Le indagini storiche attuali, condotte attraverso l’esame di vari archivi istituzionali, giornalistici e di istituti artistici, hanno messo in luce che Lina Bartolommei è nata a Venezia, da Italo e Vittoria Marcella Gherri, il 28 gennaio 1911.

Dal 1933, allora solo ventiduenne, partecipa a varie collettive della Fondazione Bevilacqua La Masa (sede museale a fianco dell’attuale Museo Correr, in piazza S. Marco), venendo subito notata dalla critica. Il suo stile era analogo a quello considerato d’avanguardia negli anni Trenta, “in cui il modello prediletto era quello della pittura primitiva e di quella rinascimentale italiana, da Giotto a Piero della Francesca. Una classicità rielaborata attraverso una nuova poetica dimensione in cui la figura umana assumeva un ruolo predominante e in cui essa veniva avvolta in un clima di magica sospensione, così come facevano tra gli altri Antonio Donghi, Felice Casorati e Cagnaccio di San Pietro…” (Marco Dolfin)

Continuando a partecipare a numerose esposizioni museali (anche presso i Giardini della Biennale) nel 1936 si diploma in Pittura all’Accademia di belle Arti di Venezia.

Dal 1937 si trasferisce a Treviso, avendo vinto un concorso per la cattedra di Disegno presso un istituto tecnico superiore. Continuerà l’attività espositiva in varie città italiane: San Remo, Padova, Venezia (anche ai Padiglioni della Biennale).

Dal 1943 di Lina Bartolommei si perdono le tracce: non figura più tra gli insegnanti dell’Istituto Riccati di Treviso, non è più menzionata in alcun catalogo di esposizioni d’arte.

Un articolo del quotidiano Il Gazzettino del 1943 parla del ritrovamento del corpo senza vita di una giovane donna a Venezia, giù dal ponte dell’isola del Tronchetto, sul selciato. L’ipotesi di un coinvolgimento nella lotta per la liberazione dal nazifascismo non viene presa neppure in considerazione, dal giornale, come non si accenna all’ipotesi del suicidio, che appare la più credibile.

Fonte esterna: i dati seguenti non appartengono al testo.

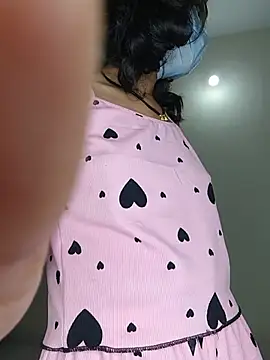 Shivani2002 online show from July 2026 03:47:01 PM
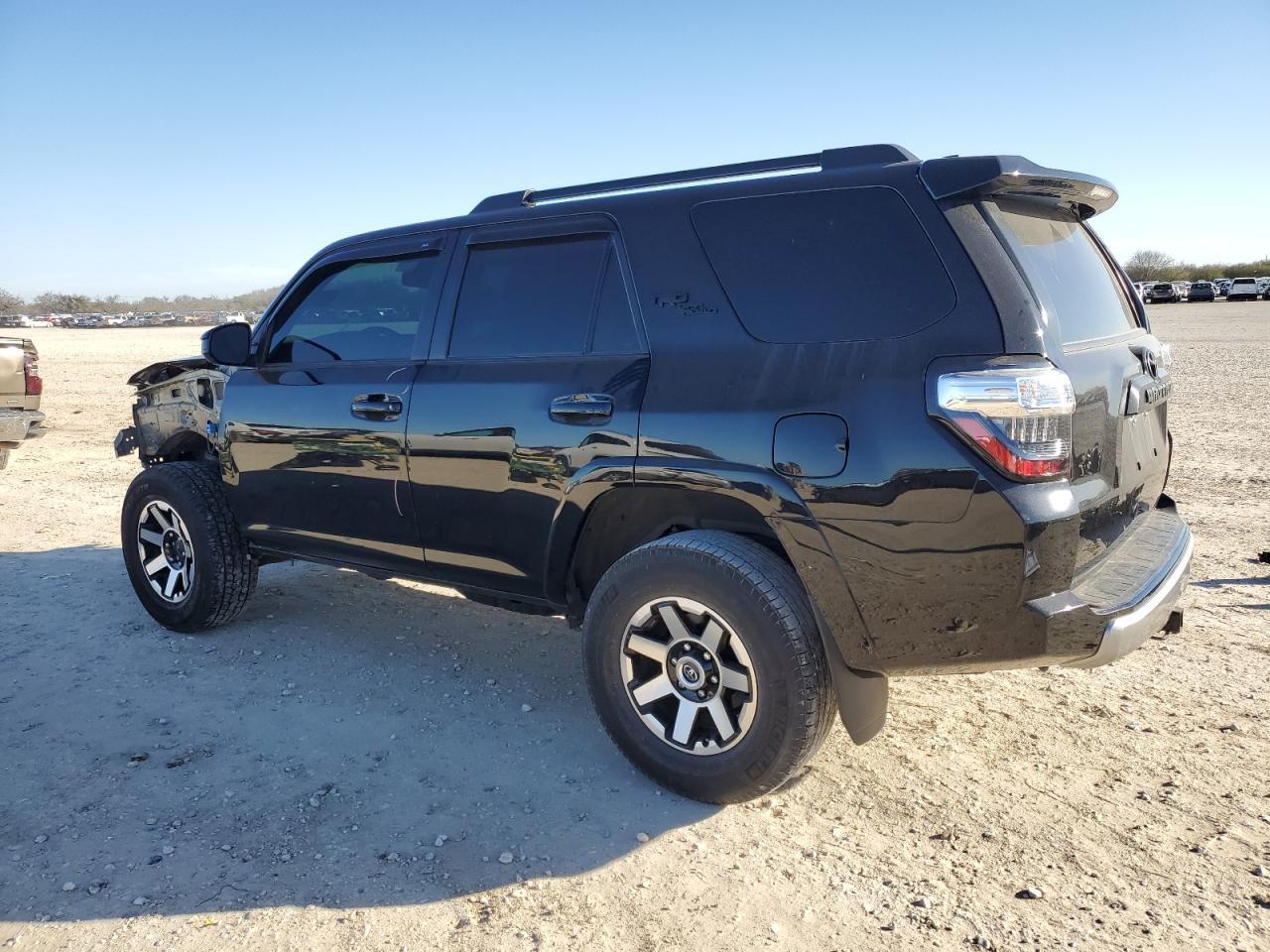 2022 TOYOTA 4RUNNER SR - Фото 2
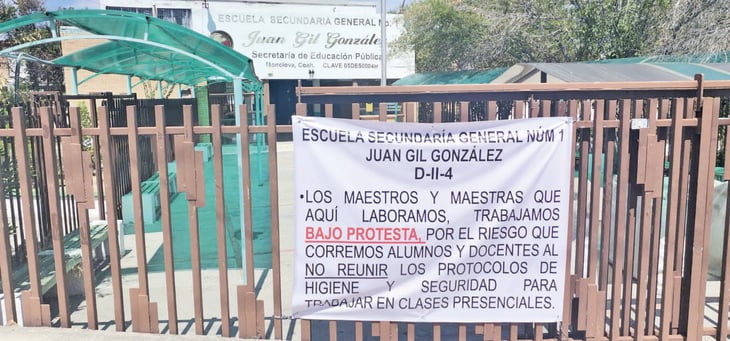 Docentes de la Juan Gil González en Monclova trabajan bajo protesta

All’epoca, durante il regime fascista, i suicidi erano totalmente incompresi, anzi erano considerati pressoché sacrileghi, e ne veniva oscurata la memoria. A ben guardare l’opera pittorica di Lina Bartolommei, così imperniata sui ritratti dei genitori, della sorella, e sull’autoritratto, le relazioni familiari (che sono quelle a costituire le premesse per futuri sviluppi depressivi con rischio di suicidio) erano non solo molto importanti ma anche circondate da un alone di mistero, insondabili.

Senza dimenticare l’ingiustificato rifiuto dei suoi dipinti, da lei presentati ad una sorta di selezione per la Terza Quadriennale d’Arte Nazionale a Roma nel 1939.

Così, a soli trentadue anni, scompare l’artista Lina Bartolommei, promettente autrice del Realismo Magico. Un altro caso analogo a quello di Van Gogh?

Molto bene ha fatto il Comune di Venezia ad ospitare presso il cinquecentesco Palazzo della Provvederia in terraferma, su proposta dell’Associazione Paolo Rizzi (noto giornalista e critico d’arte veneziano morto anni fa), una personale di raffinati oli su tela della ritrovata esponente del Realismo Magico Lina Bartolommei, per la cura e la ricerca storica di Marco Dolfin.